Emsal Mahkeme Kararı Bakırköy 7. Asliye Ticaret Mahkemesi 2021/1034 E. 2022/642 K. 22.06.2022 T.

Görüntülediğiniz mahkeme kararı henüz kesinleşmemiştir. Yararlı olması amacıyla eklenmiştir.

T.C. BAKIRKÖY 7. ASLİYE TİCARET MAHKEMESİ

ESAS NO : 2021/1034 Esas
KARAR NO : 2022/642

DAVA : Tazminat (Sözleşmeden Kaynaklanan)
DAVA TARİHİ : 13/12/2021
KARAR TARİHİ : 22/06/2022
GEREKÇELİ KARARIN
YAZILDIĞI TARİH : 30/06/2022
Mahkememizde görülmekte olan davanın yapılan açık yargılaması sonunda,
GEREĞİ DÜŞÜNÜLDÜ:
Davacı vekili dilekçesinde özetle; müvekkili ile davalı arasında 02/03/2021 tarihli sözleşmede 3 adet kalıbın hazırlanması için anlaşma yapıldığını ve sözleşme gereği davalı tarafa numune verildiğini, müvekkilinin sözleşme gereği 63.000,00 TL + KDV olarak anlaşılan işin ön ödemesi için 32.170,00 TL ve çizim ücreti 2.000,00 TL olmak üzere toplam 34.170,00 TL ödeme yaptığı, davalının teslim borcunu yerine getirmediğini, sözleşmede açıkça teslim tarihi yazılı olmasına karşın teslimin gerçekleştirilmediğini, davalı tarafa sözleşme ile taahhüt edilen 3 adet kalıbın kusurlu olması ve zamanında teslim edilmemesine yönelik Bakırköy ……. Noterliği’nin 09/08/2021 tarihli ihtarnamesinin gönderildiğini, ihtarın tebliğ alınmasına rağmen cevap verilmeyip, ön ödemenin iade edilmediği veya kalıbın hazır halde teslim edilmediğini, TBK 125.maddesinin 2.fıkrasına göre müvekkilinin ifadan vazgeçip, müsbet zararın tazminini isteyebileceğini, müvekkilinin borcun ifasından vazgeçip gereği gibi yerine getirilmeyen borca karşılık vermiş olduğu ödemenin iadesi ile borcun ifa edilmemesinden kaynaklı davalının sebep olduğu menfi, müspet ve munzam zararların tazminini istemiştir.

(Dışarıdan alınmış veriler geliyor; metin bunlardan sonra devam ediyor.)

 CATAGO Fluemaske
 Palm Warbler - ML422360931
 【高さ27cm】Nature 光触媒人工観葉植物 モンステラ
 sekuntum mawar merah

Davacı vekili, ön inceleme duruşmasındaki beyanında; dava dilekçesinde çizim ücretinin 2.000,00 TL olarak belirtilmiş ise de, 18/03/2021 tarihli dekontla 1.500,00 TL olarak ödendiğinden, çizim ücreti talebinin 1.500,00 TL olduğunu, davalının yönlendirmesi ile çizimi yapacak kişinin ……… olduğundan ödemenin ona yapıldığını, davalının sözleşmenin davalı tarafça hiç yerine getirilmemesi nedeniyle sözleşmenin feshi ile sözleşme kapsamında yapılan ödemenin tazminin istemine ilişkin olduğunu, menfi ve müspet zararla ilgili herhangi bir taleplerinin olmadığını, bu husustaki haklarını saklı tuttuklarını beyan etmiştir.

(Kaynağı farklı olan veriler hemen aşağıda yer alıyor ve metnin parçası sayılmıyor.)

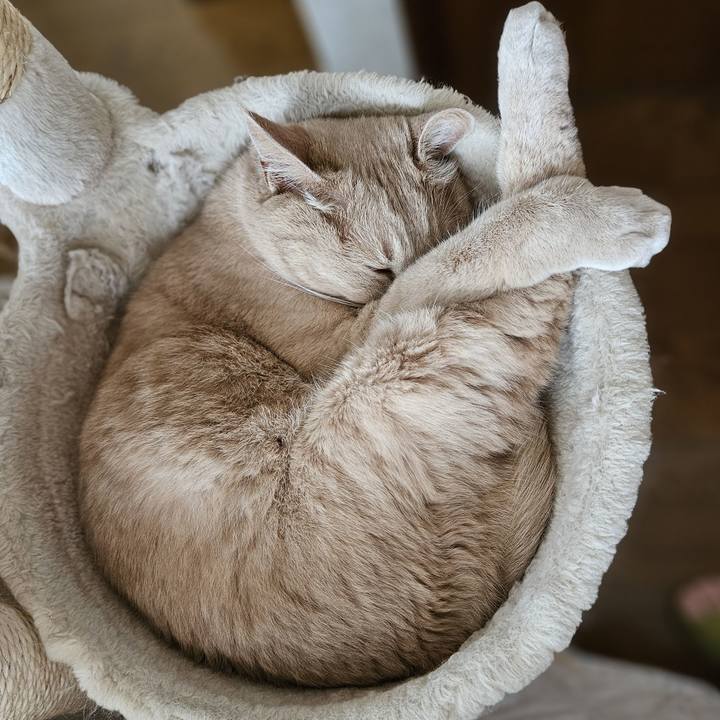 86dfd1e7 9d79 4863 b253 33d43118a918 1722765120454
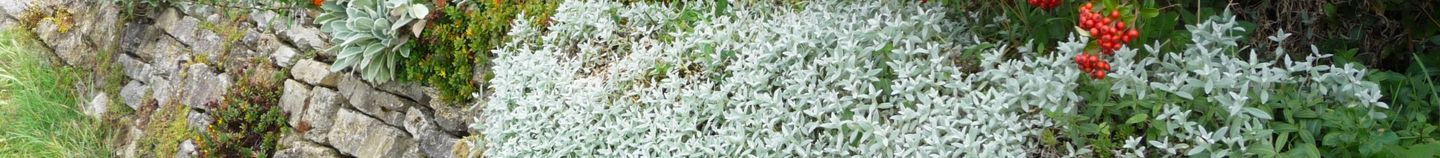 Plantes pour sol calcaire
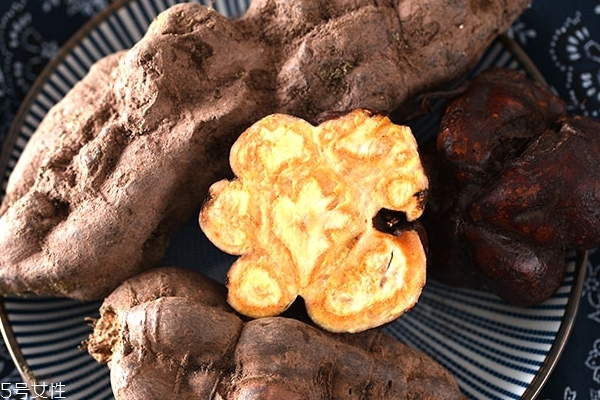 何首乌小知识(何首乌是什么?)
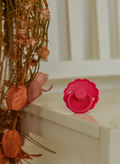 FRIGG Daisy Silicone Baby Pacifier SilkySoft Nipple Fuchsia 6-18 Months 1-Pack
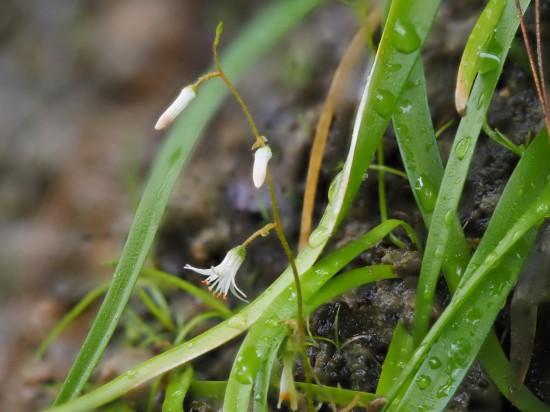 圖為廣西肺筋草。（廣西壯族自治區(qū)中醫(yī)藥研究院供圖）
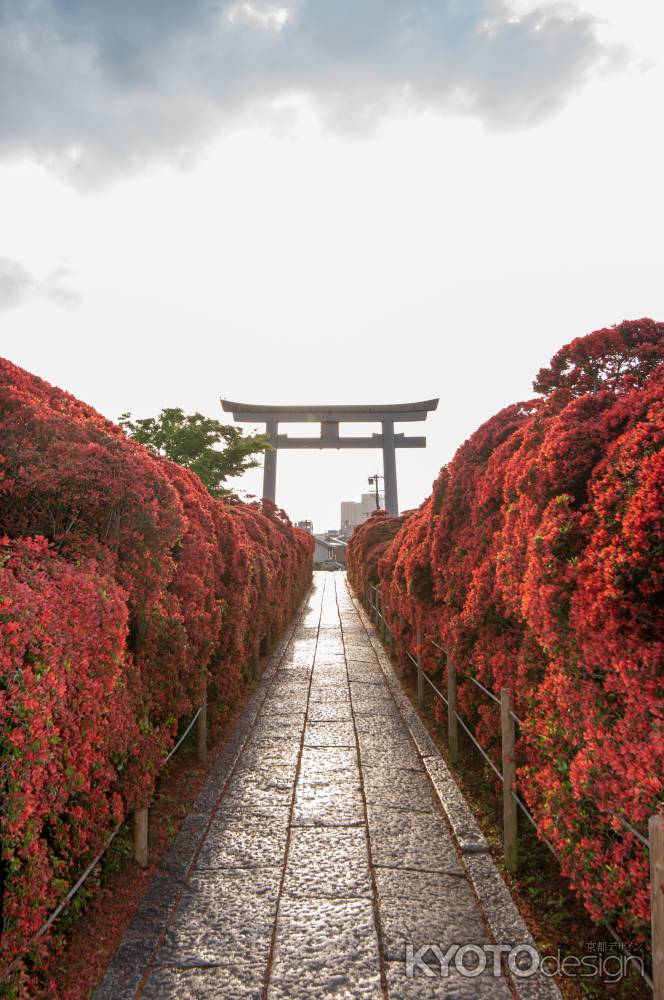 長岡天満宮　早朝の鳥居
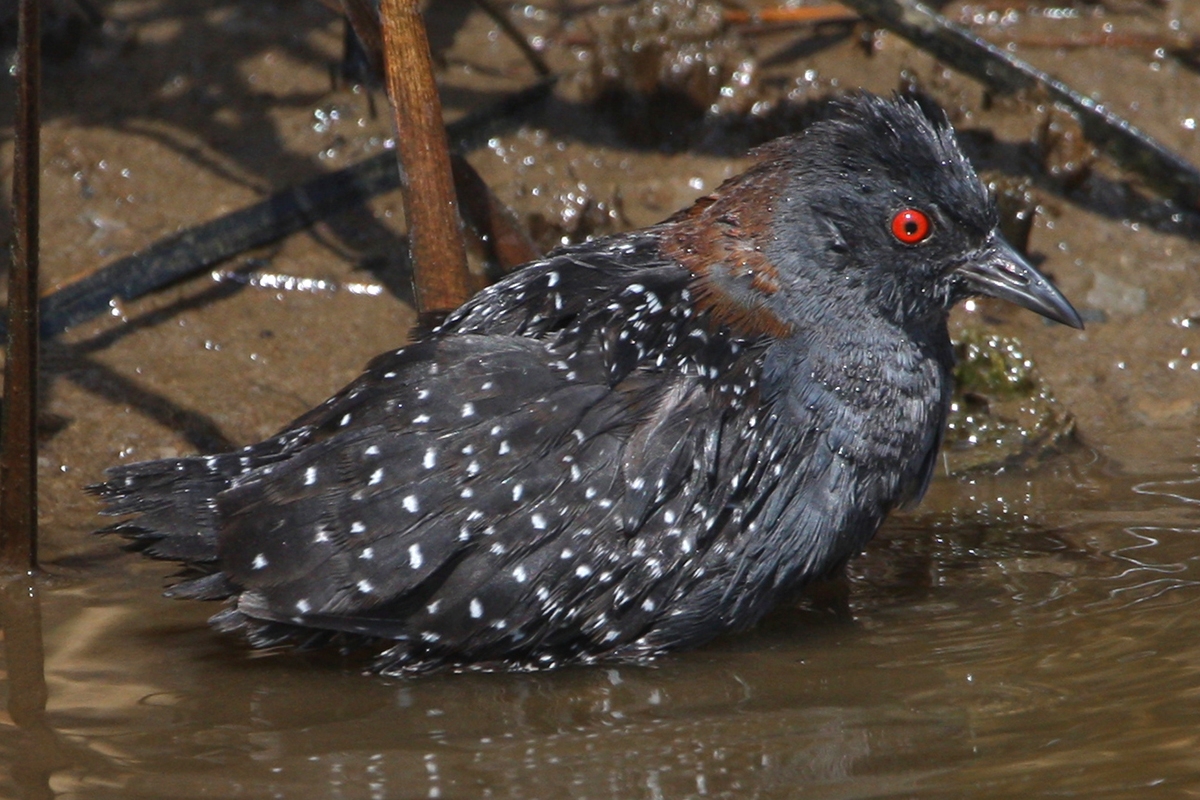 Black Rail Anahuac National Wildlife Refuge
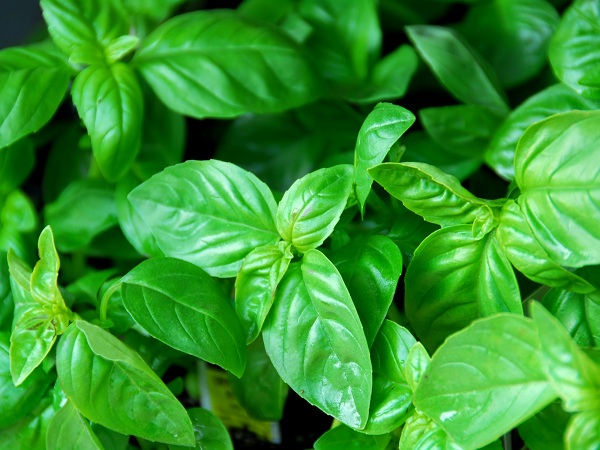Basil Plant To Get Rid Of Mosquitoes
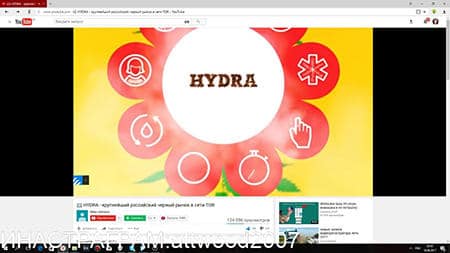 Где найти ссылку на кракен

Davalı usulüne uygun meşruhatlı davatiyeye rağmen davaya cevap vermemiş, duruşmalara katılmamıştır.
Dava, eser sözleşmesinin feshi nedeniyle ödenen satış peşinatı tutarının iadesi istemine ilişkindir.

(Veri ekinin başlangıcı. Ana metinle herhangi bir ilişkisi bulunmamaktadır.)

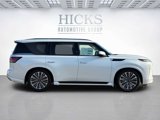 New 2025 INFINITI QX80 Sensory w/ Premium Cargo Package image 4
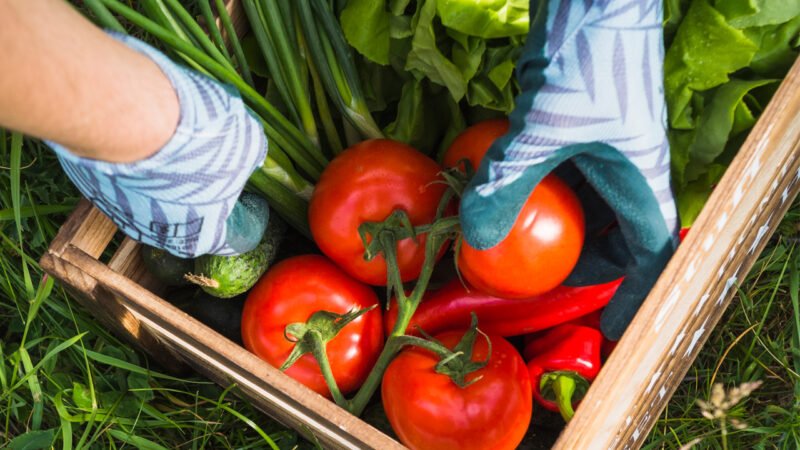 Red tomatoes on the basket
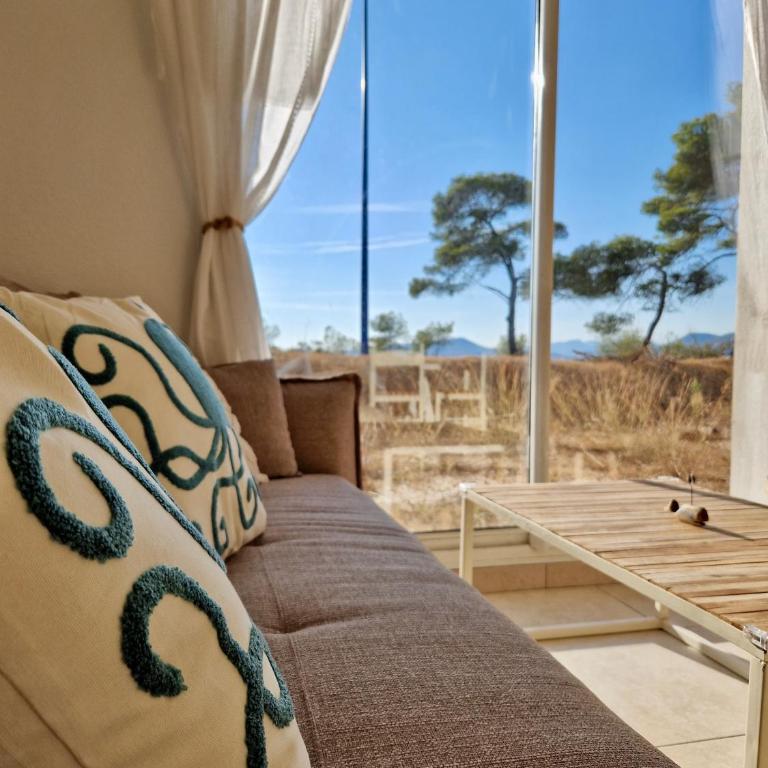 Les flamants roses de la Capte T3 - Appartement 2 Chambres - 1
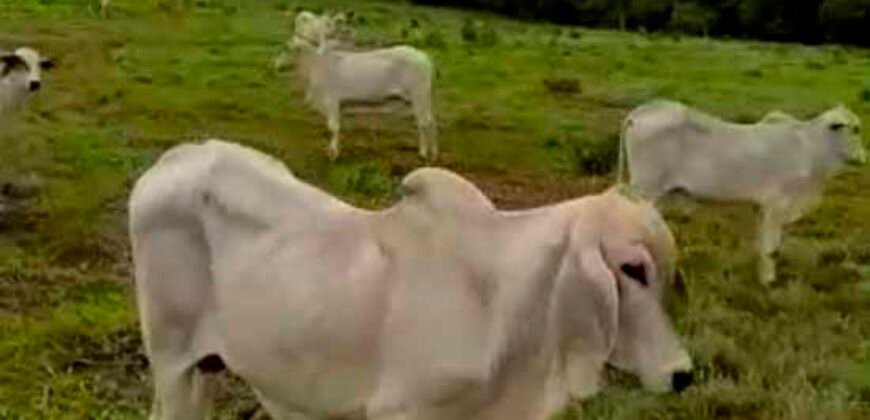 Excelente Fazenda c/ 692.12 hectares Lavoura de soja e Pastagem 100 cabeças | 100 km de Brasília DF – GO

Tarafların aktif ve pasif dava ehliyetleri denetlenip uyuşmazlık konuları re’sen belirlenerek taraflarca gösterilen deliller toplanmıştır.
Davacı, taraflar arasında akdedilen sözleşme uyarınca davalı tarafa 3 adet kalıbın hazırlanması için numunelerin verildiğini, sözleşme gereğince 32.170,00 TL ön ödemenin davalıya ödendiği, ancak sözleşme konusu ürünlerin teslimatlarının zamanında yapılmadığını bu nedenle sözleşmenin feshedildiğini ileri sürmüş, davalı ise davaya cevap vermemiştir.
Taraflar arasında sipariş üzerine eser yapımı konusunda ticari ilişki olduğu, davacının peşinat olarak 32.170,00 TL ödeme yaptığı, dava dilekçesi ekinde ibraz edilen ve “ön ödeme sözleşmeye istinaden” açıklamalı 5.000,00 TL bedelli ……. bank 01/06/2021 tarihli dekont ve 02/03/2021 tarihli tahsilat makbuzunda belirtilen …….. no’lu çekin tahsil edildiğine ilişkin ……. bank 26/04/2022 tarihli müzekkere cevaplarından anlaşılmıştır.
Uyuşmazlık sözleşmeye konu ürünün kararlaştırılan sürede teslime hazır hale getirilip getirilmediği, buna bağlı olarak sözleşmenin davacı tarafça feshinin haklı olup olmadığı noktasında toplanmaktadır.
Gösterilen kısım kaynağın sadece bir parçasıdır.